BEGIN

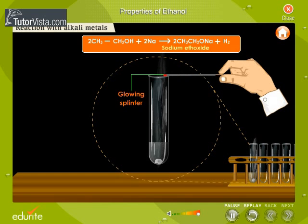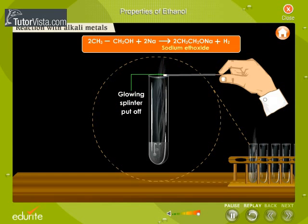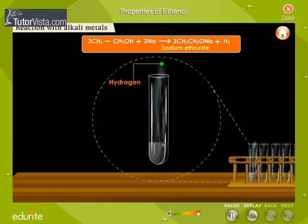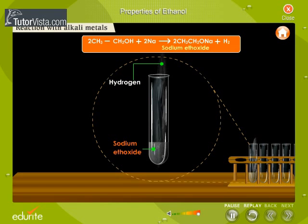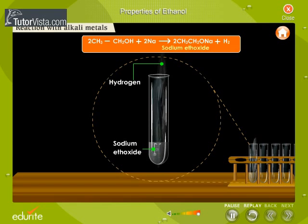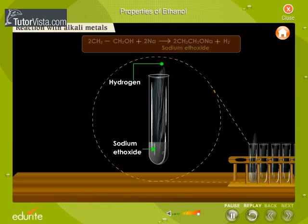The gas is tested with a glowing splinter. The splinter is put out and the gas burns with a blue flame, producing a pop sound. This proves that hydrogen is liberated. Ethanol reacts with sodium, forming sodium ethoxide and hydrogen gas. This reaction is often used as a test for ethanol. Effervescence due to liberation of hydrogen confirms the presence of ethanol.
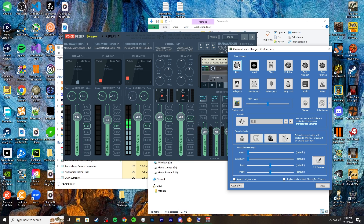Now we can change some stuff up — like Atari, Clown, Mutation, and more. There's the male pitch and the female pitch. That's all I'm going to demo right now; I'll just sound like a lady for the closing of this video. I'll do another full breakdown of the Clownfish voice changer in general — if you guys want that, let me know in the comments or the YouTube community.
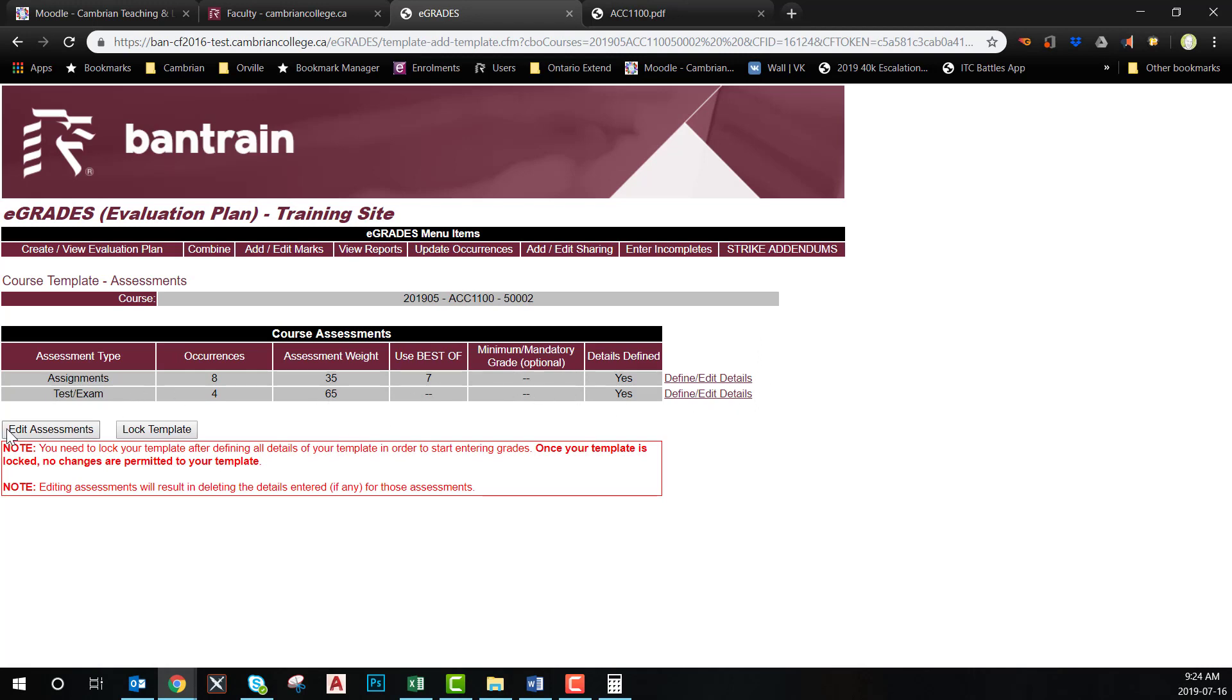Once all the categories have been reviewed, you are now ready to lock your template. Once you lock your template, you will be able to start entering your grades.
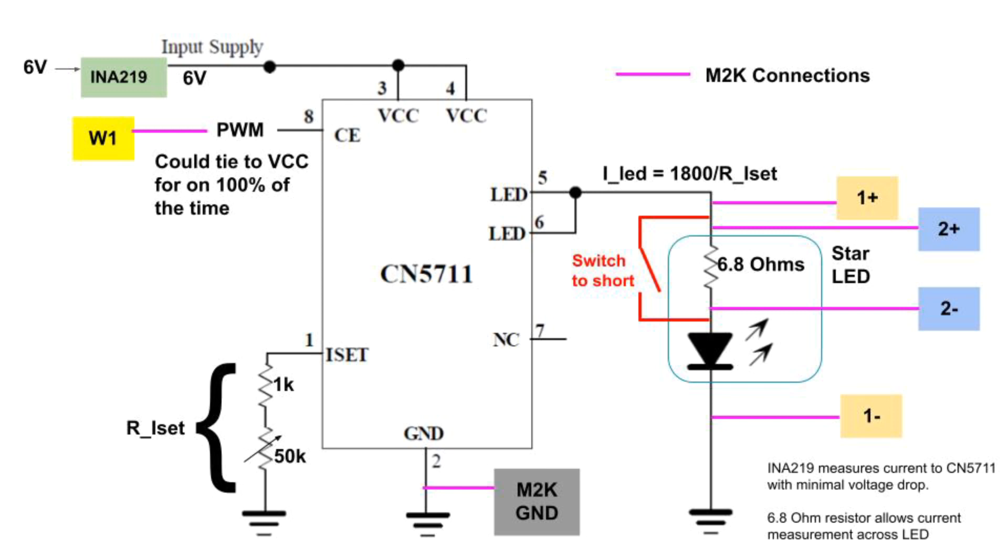At this point we can run the M2K Scopey application and do three things. We can see how the potentiometer sets the LED's current and we can see how long the CN5711 can maintain a constant current as we lower the supply voltage from 6 volts down to lower values. And we can see how the PWM signal can blink and dim the LED.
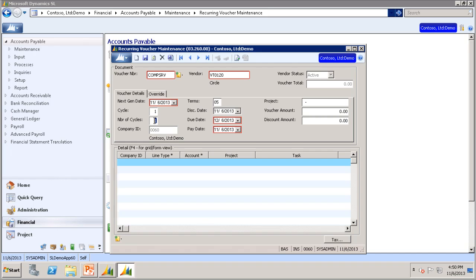In the number of cycles field, you want to enter the total number of times the recurring voucher needs to be generated. In this sample case, we are only doing 12 months, so we will enter A12 here. If you did the every-other-month scenario for one year, the cycle field would be A2 and number of cycles would be A6. If you want the recurring voucher to be indefinite, you can set the number of cycles field to 99, which gives the voucher cycles of about 8 years. You can also increase the number of cycles field at any time to prevent the recurring item from being deleted.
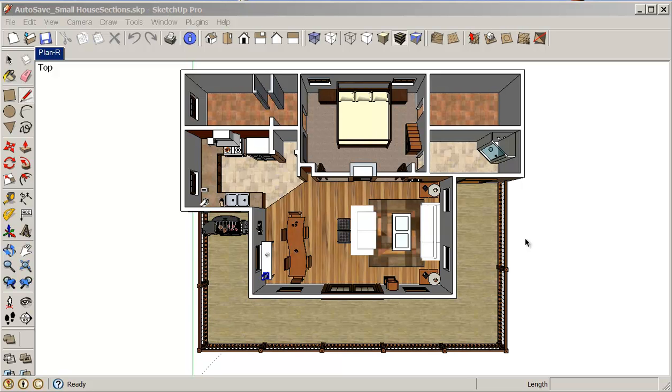In this class I want to look at sending our plan view image into Photoshop so that we can render it, add a little bit of punch to it, give it a little bit more life. It looks really good here but I think we could do a little bit better job in Photoshop.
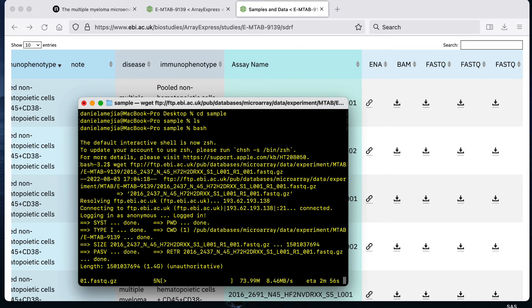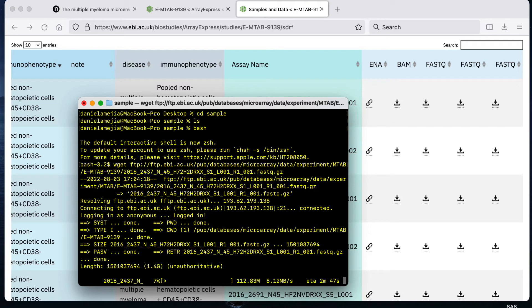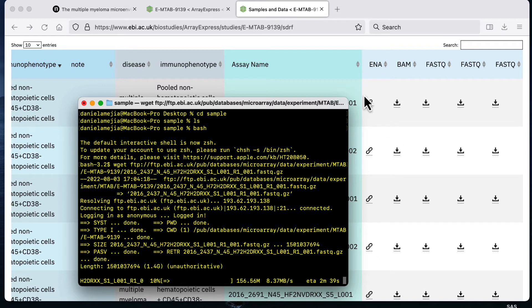That is the only command that you have to do and now that file from the internet is being remotely downloaded to my folder and it says it's going to take about three minutes to download. This file is about 1.5 gigabytes large.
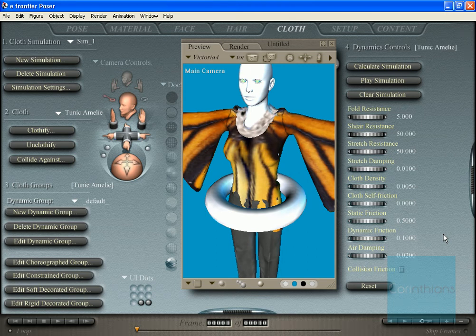Welcome to another tutorial by CorinthiansCorey. What I'm going to be covering here is pretty simple: just how to do a tuck-in for a shirt to go into a pair of pants.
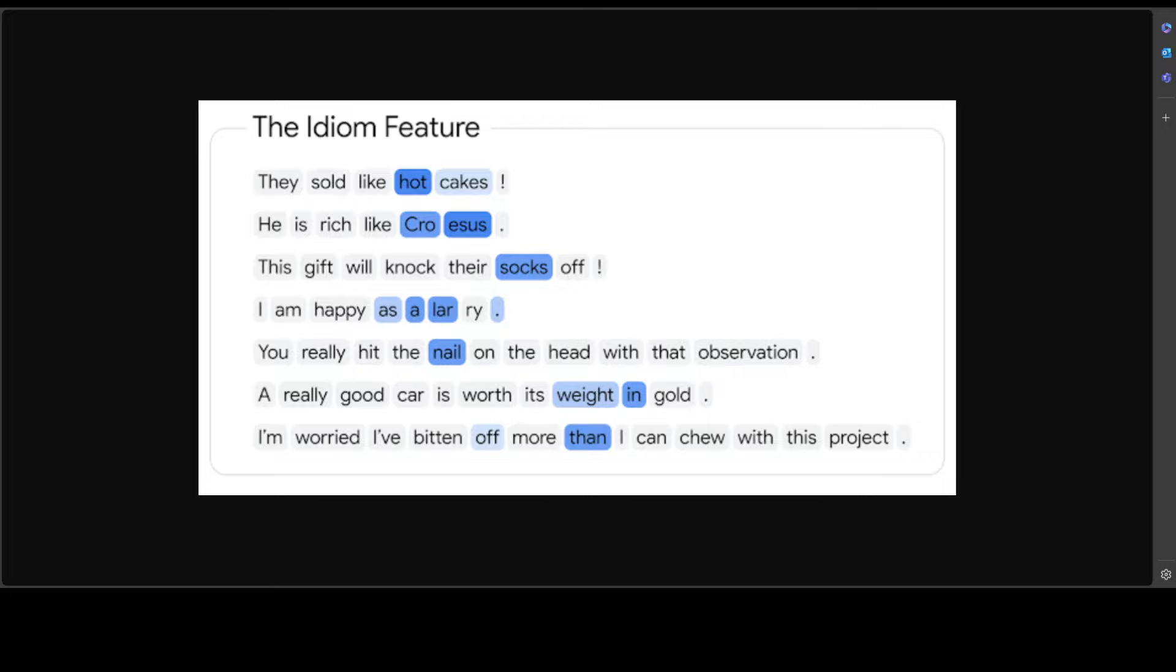And here the feature is more related to idioms, by the way. So what makes this Gemma Scope so unique?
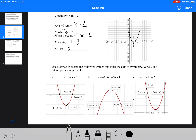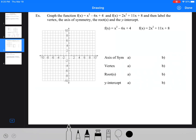The next examples are specifically chosen to be a little tougher. Using Desmos makes it much easier. When you graph one of these, you can click on one of the axes and it will show all the key points. Remember: the axis of symmetry is always the x-value of the vertex; the max or min value is the y-value of the vertex; and the intercepts are just the intercepts.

END

▶ Exercise description
Write all the lines above out again exactly, minus the images.

▶ Response area
The gas is tested with a glowing splinter. The splinter is put out and the gas burns with a blue flame, producing a pop sound. This proves that hydrogen is liberated. Ethanol reacts with sodium, forming sodium ethoxide and hydrogen gas. This reaction is often used as a test for ethanol. Effervescence due to liberation of hydrogen confirms the presence of ethanol.
Now we can change some stuff up — like Atari, Clown, Mutation, and more. There's the male pitch and the female pitch. That's all I'm going to demo right now; I'll just sound like a lady for the closing of this video. I'll do another full breakdown of the Clownfish voice changer in general — if you guys want that, let me know in the comments or the YouTube community.
Once all the categories have been reviewed, you are now ready to lock your template. Once you lock your template, you will be able to start entering your grades.
At this point we can run the M2K Scopey application and do three things. We can see how the potentiometer sets the LED's current and we can see how long the CN5711 can maintain a constant current as we lower the supply voltage from 6 volts down to lower values. And we can see how the PWM signal can blink and dim the LED.
In the number of cycles field, you want to enter the total number of times the recurring voucher needs to be generated. In this sample case, we are only doing 12 months, so we will enter A12 here. If you did the every-other-month scenario for one year, the cycle field would be A2 and number of cycles would be A6. If you want the recurring voucher to be indefinite, you can set the number of cycles field to 99, which gives the voucher cycles of about 8 years. You can also increase the number of cycles field at any time to prevent the recurring item from being deleted.
In this class I want to look at sending our plan view image into Photoshop so that we can render it, add a little bit of punch to it, give it a little bit more life. It looks really good here but I think we could do a little bit better job in Photoshop.
That is the only command that you have to do and now that file from the internet is being remotely downloaded to my folder and it says it's going to take about three minutes to download. This file is about 1.5 gigabytes large.
Welcome to another tutorial by CorinthiansCorey. What I'm going to be covering here is pretty simple: just how to do a tuck-in for a shirt to go into a pair of pants.
And here the feature is more related to idioms, by the way. So what makes this Gemma Scope so unique?
The next examples are specifically chosen to be a little tougher. Using Desmos makes it much easier. When you graph one of these, you can click on one of the axes and it will show all the key points. Remember: the axis of symmetry is always the x-value of the vertex; the max or min value is the y-value of the vertex; and the intercepts are just the intercepts.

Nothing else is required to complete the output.